North Korea takes on GOOGLE for coolest workplace with propaganda pictures inside factory

It is better known for gulags and hard labour, but now North Korea is boasting about how the fifth floor of a food factory in Pyongyang’s Mangyongdae district has been made into a staff waterpark.

Propaganda pictures show the facility complete with pools and basketball hoops, as well as sun loungers, a fish pond, grotto and sauna.

On an island in the pool is a huge trophy – an apparent nod to the factory’s role making food for the country’s athletes.

Nobody is using the amenities in the photographs, with state-run media saying this was down to the time that they were taken.

Yet propaganda insists that “employees here enjoy the culture and emotional life as much as possible in the water playground”.

Pyongyang is already home to the Munsu Water Park, but the cost of entry means that it’s too expensive for ordinary citizens to visit.

And the reality of a factory work in the North is vastly different to propaganda, with past figures suggesting three out of four factories are inactive.

In his book about North Korea, The Impossible State, ex-Whitehouse advisor Victor Cha said factory workers often bribed their bosses to skip work.

He wrote: “Factory workers pay their foreman a bribe to be signed in as working on the state payroll, which has not paid them in months.”
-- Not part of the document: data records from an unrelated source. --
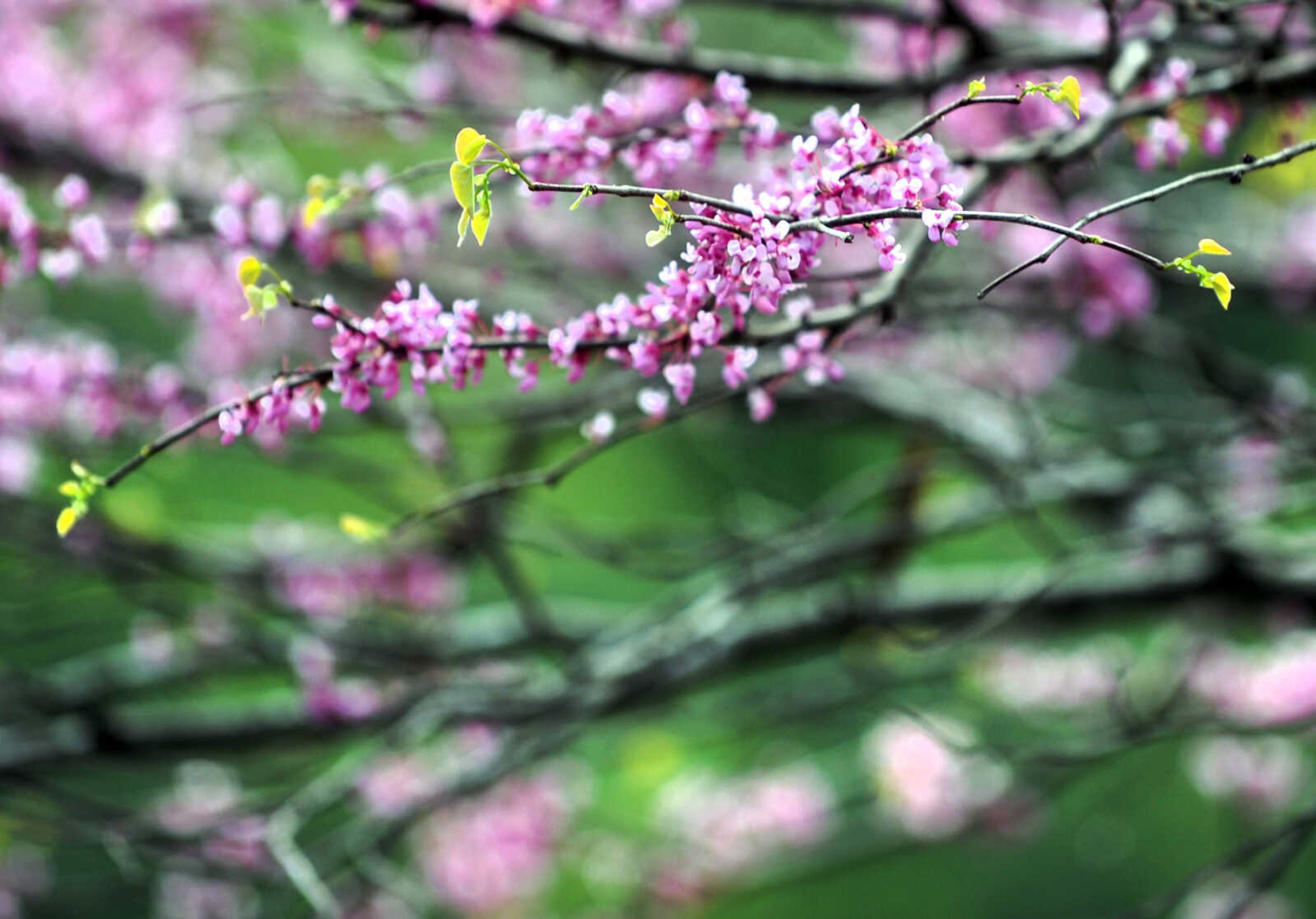 LAURA SIMON ~ lsimon@semissourian.com

Pinecrest Azalea Gardens, Thursday, April 16, 2015, in Oak Ridge, Missouri.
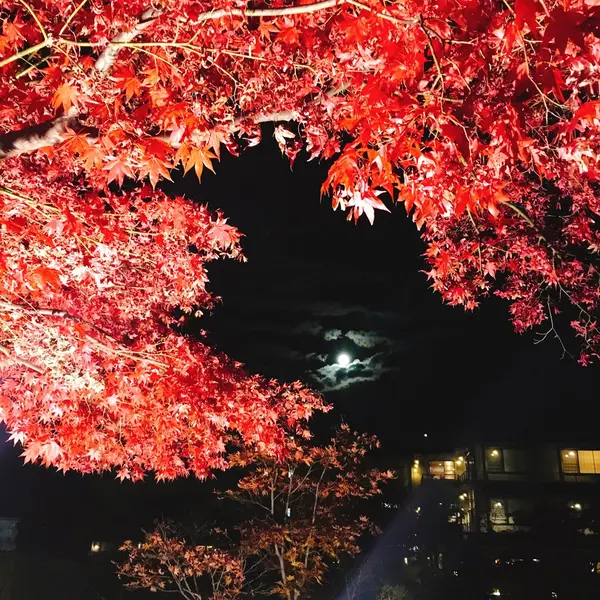 満月と紅葉
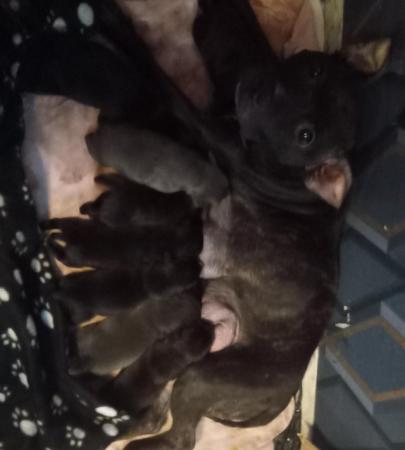 Image 2 of Staffordshire bull terrier puppies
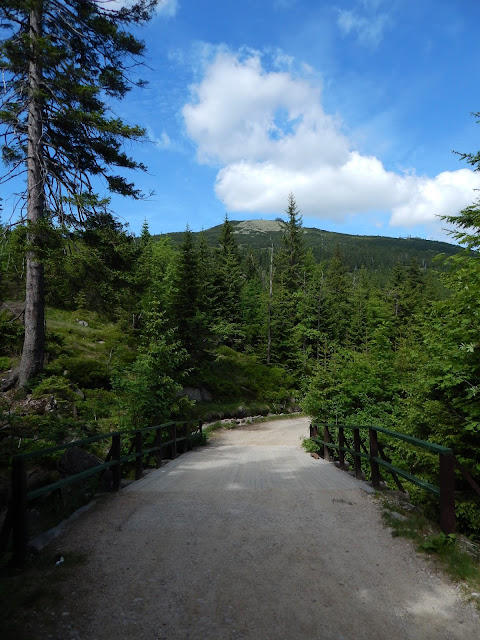 Śnieżne kotły, szrenica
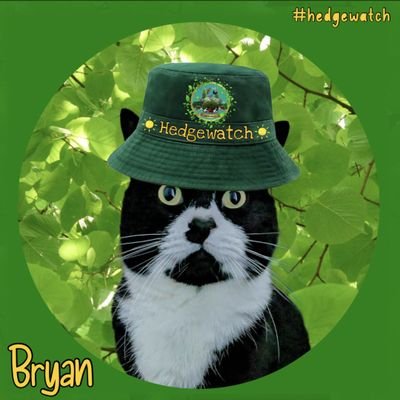 Bryan TESD Kitty here! Suave, shameless promoter of stuff. I'm 7 & I ❤️ snacks, darts, history & Grandpa. Brofur of @Lilypad_The_Cat & @Chester_R_Kitty 🐾🤘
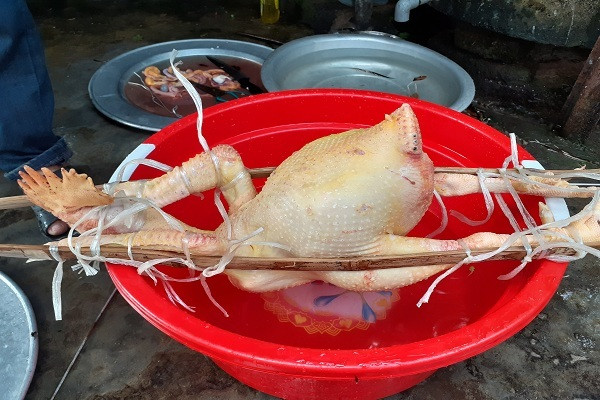 Gà được tạo thế đứng trước khi đưa vào nồi luộc. Độc đáo
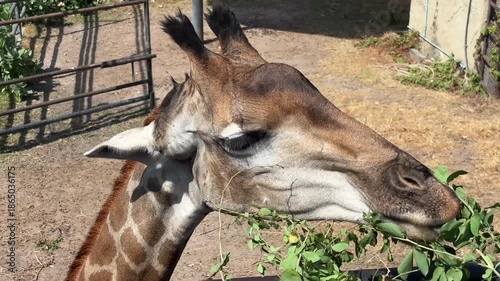 Giraffe eating leaf sunny day at zoo. Giraffe head.
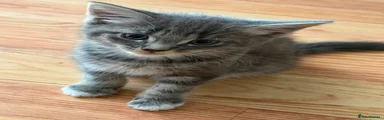 Maine Coon 3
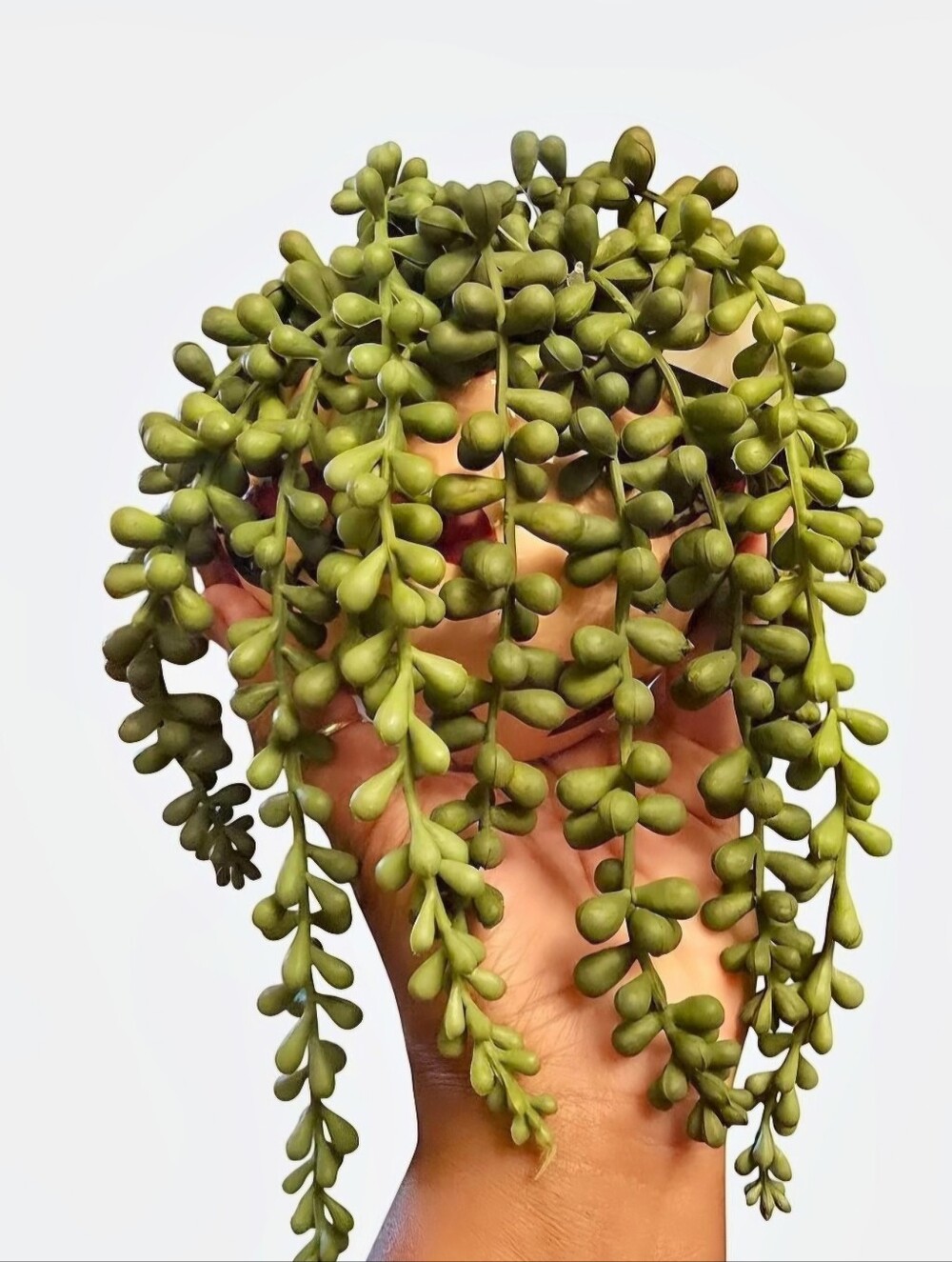 String of Pearls  Faux succulent plant with cascading green beads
“But then they spend the day fishing squid to sell in the markets.”

At other times the regime has relied on the “revolutionary zeal” of the people to make up for shortfalls in production, meaning long hours for workers.

It’s been called the Chollima Movement, after a mythical winged horse famed for its speed, as if to emphasise the rapid progress workers should make.

Dr Cha wrote: “The Chollima ideology drove massive inefficiencies in the economy because it always substituted long work hours for technological innovation.”